RECORD SET:
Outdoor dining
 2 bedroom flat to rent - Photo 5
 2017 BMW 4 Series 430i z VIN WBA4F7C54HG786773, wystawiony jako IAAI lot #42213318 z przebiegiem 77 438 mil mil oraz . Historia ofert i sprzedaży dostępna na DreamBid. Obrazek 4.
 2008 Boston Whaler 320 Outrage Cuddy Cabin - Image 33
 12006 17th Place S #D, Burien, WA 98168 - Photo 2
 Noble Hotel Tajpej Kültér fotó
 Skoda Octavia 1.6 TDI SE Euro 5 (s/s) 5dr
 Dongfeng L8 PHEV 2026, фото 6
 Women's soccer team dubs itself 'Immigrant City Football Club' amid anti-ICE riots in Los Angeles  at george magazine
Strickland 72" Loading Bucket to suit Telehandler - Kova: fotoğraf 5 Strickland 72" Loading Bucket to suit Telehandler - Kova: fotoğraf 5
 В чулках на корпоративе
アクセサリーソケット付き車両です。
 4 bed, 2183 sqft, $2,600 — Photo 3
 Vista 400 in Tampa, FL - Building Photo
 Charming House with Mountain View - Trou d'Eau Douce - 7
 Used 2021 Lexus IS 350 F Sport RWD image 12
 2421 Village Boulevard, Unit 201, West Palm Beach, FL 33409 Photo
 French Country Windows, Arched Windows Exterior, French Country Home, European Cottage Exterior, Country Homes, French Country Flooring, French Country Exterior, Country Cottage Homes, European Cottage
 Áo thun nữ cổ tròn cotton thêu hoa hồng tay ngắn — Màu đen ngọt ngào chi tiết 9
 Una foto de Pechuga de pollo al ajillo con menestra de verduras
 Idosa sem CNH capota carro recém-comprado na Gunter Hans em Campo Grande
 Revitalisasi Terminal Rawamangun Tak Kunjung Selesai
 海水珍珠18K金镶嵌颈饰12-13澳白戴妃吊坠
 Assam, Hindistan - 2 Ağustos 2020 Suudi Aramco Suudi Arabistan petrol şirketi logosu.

HOW TO COMPLETE THIS TASK:
Using the entries above, give back exactly the line containing "Dongfeng L8 PHEV 2026, фото 6", the line containing "Idosa sem CNH", and every line between them, and nothing else.

WRITTEN REPLY:
 Dongfeng L8 PHEV 2026, фото 6
 Women's soccer team dubs itself 'Immigrant City Football Club' amid anti-ICE riots in Los Angeles  at george magazine
Strickland 72" Loading Bucket to suit Telehandler - Kova: fotoğraf 5 Strickland 72" Loading Bucket to suit Telehandler - Kova: fotoğraf 5
 В чулках на корпоративе
アクセサリーソケット付き車両です。
 4 bed, 2183 sqft, $2,600 — Photo 3
 Vista 400 in Tampa, FL - Building Photo
 Charming House with Mountain View - Trou d'Eau Douce - 7
 Used 2021 Lexus IS 350 F Sport RWD image 12
 2421 Village Boulevard, Unit 201, West Palm Beach, FL 33409 Photo
 French Country Windows, Arched Windows Exterior, French Country Home, European Cottage Exterior, Country Homes, French Country Flooring, French Country Exterior, Country Cottage Homes, European Cottage
 Áo thun nữ cổ tròn cotton thêu hoa hồng tay ngắn — Màu đen ngọt ngào chi tiết 9
 Una foto de Pechuga de pollo al ajillo con menestra de verduras
 Idosa sem CNH capota carro recém-comprado na Gunter Hans em Campo Grande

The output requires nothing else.